Problem to solve:
For the material that follows, return exactly the lines from the one with "Señalan deficiencias del" through the one with "Shahrukh Khan, Gauri, Juhi, Hema, Abhishek", both ends included.

BEGIN Data

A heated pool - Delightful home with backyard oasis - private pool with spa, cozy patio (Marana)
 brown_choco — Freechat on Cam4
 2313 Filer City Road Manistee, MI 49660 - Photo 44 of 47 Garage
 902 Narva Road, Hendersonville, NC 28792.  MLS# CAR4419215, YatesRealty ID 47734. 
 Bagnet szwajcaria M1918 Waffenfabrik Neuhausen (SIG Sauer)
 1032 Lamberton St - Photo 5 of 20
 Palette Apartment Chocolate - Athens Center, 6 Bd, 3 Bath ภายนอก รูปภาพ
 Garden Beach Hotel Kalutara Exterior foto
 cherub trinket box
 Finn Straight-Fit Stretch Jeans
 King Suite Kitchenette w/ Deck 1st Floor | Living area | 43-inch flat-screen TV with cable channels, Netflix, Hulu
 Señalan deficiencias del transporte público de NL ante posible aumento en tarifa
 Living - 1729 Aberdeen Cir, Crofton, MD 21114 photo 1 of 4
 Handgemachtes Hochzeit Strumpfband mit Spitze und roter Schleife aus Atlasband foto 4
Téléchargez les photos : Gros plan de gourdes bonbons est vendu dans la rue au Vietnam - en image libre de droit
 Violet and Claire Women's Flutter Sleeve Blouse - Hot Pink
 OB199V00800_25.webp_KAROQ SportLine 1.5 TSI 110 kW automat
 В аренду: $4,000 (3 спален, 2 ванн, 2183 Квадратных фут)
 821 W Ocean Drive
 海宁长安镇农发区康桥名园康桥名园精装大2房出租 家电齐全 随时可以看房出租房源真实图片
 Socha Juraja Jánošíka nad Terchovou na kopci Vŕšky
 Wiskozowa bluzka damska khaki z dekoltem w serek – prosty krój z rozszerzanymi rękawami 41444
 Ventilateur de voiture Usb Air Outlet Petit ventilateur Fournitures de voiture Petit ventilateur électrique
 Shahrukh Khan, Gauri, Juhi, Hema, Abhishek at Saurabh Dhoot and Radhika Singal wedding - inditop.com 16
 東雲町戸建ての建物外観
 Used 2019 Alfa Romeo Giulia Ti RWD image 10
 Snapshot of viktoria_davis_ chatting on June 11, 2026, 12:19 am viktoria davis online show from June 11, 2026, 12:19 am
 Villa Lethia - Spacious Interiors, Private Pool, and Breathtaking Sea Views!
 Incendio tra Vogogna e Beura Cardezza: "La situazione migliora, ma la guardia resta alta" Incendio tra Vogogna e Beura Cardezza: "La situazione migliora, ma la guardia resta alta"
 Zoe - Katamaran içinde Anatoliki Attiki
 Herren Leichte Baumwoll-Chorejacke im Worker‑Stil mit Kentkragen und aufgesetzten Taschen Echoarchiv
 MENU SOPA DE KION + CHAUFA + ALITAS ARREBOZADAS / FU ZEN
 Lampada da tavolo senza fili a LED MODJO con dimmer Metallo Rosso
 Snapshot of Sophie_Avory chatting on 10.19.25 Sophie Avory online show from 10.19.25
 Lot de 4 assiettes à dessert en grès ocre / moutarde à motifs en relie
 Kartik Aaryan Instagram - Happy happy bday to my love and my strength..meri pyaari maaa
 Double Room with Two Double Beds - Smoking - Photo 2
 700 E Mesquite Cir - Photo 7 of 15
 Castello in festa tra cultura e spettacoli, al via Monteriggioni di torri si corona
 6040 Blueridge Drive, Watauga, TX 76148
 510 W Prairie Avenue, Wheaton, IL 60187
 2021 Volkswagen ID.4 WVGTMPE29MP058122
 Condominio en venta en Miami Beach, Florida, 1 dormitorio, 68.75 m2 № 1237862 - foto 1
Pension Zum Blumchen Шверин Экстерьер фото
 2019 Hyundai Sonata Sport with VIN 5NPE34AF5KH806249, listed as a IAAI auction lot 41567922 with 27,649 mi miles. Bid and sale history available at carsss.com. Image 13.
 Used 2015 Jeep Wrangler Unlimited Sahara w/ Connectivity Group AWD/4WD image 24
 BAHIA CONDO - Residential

END Data

Exercise answer:
 Señalan deficiencias del transporte público de NL ante posible aumento en tarifa
 Living - 1729 Aberdeen Cir, Crofton, MD 21114 photo 1 of 4
 Handgemachtes Hochzeit Strumpfband mit Spitze und roter Schleife aus Atlasband foto 4
Téléchargez les photos : Gros plan de gourdes bonbons est vendu dans la rue au Vietnam - en image libre de droit
 Violet and Claire Women's Flutter Sleeve Blouse - Hot Pink
 OB199V00800_25.webp_KAROQ SportLine 1.5 TSI 110 kW automat
 В аренду: $4,000 (3 спален, 2 ванн, 2183 Квадратных фут)
 821 W Ocean Drive
 海宁长安镇农发区康桥名园康桥名园精装大2房出租 家电齐全 随时可以看房出租房源真实图片
 Socha Juraja Jánošíka nad Terchovou na kopci Vŕšky
 Wiskozowa bluzka damska khaki z dekoltem w serek – prosty krój z rozszerzanymi rękawami 41444
 Ventilateur de voiture Usb Air Outlet Petit ventilateur Fournitures de voiture Petit ventilateur électrique
 Shahrukh Khan, Gauri, Juhi, Hema, Abhishek at Saurabh Dhoot and Radhika Singal wedding - inditop.com 16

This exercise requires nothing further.